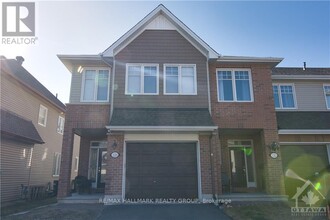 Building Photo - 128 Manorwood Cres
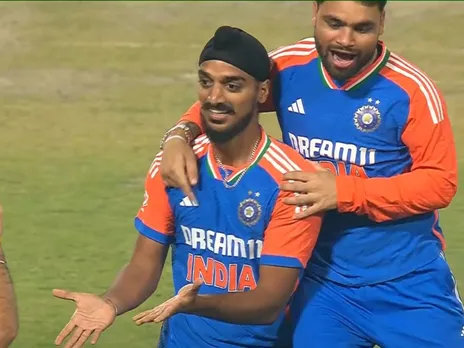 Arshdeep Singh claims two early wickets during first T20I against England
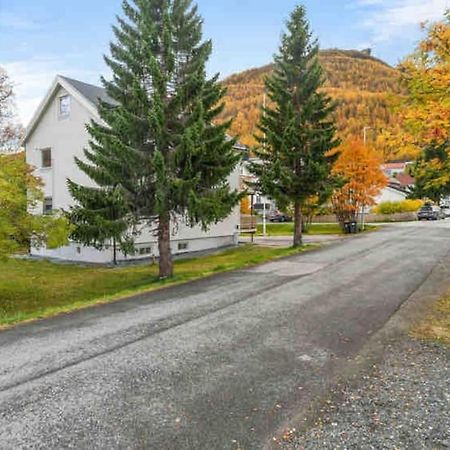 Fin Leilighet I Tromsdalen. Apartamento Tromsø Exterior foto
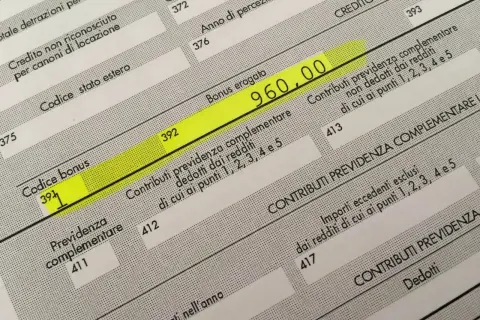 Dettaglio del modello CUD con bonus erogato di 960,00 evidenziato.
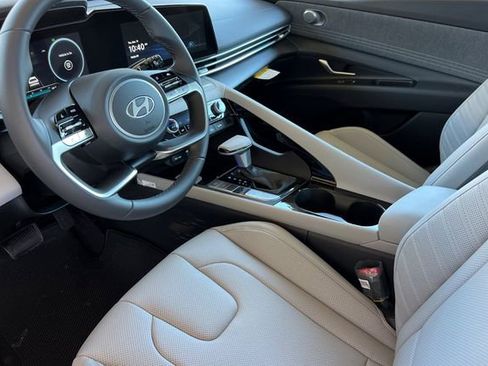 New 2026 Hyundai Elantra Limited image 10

■ ■ ■ ■ ■ ■ ■

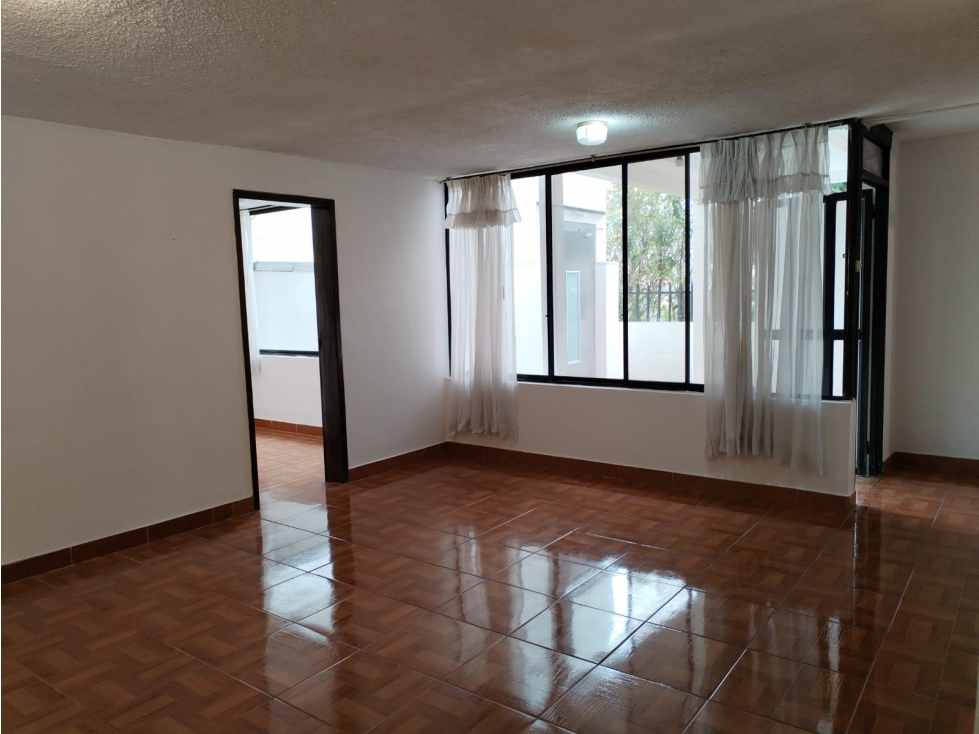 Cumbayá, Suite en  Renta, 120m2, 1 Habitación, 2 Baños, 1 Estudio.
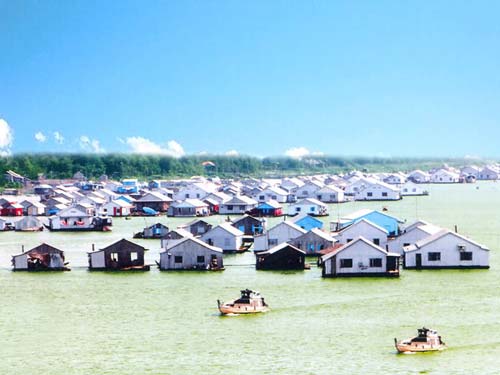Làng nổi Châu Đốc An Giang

■ ■ ■ ■ ■ ■ ■

### Exercise prompt
Give again, exactly as written above, each line from the one that has "Fin Leilighet I" to the one that has "New 2026 Hyundai Elantra Limited image 10", both included; omit the pictures.

### Solution to this task
 Fin Leilighet I Tromsdalen. Apartamento Tromsø Exterior foto
 Dettaglio del modello CUD con bonus erogato di 960,00 evidenziato.
 New 2026 Hyundai Elantra Limited image 10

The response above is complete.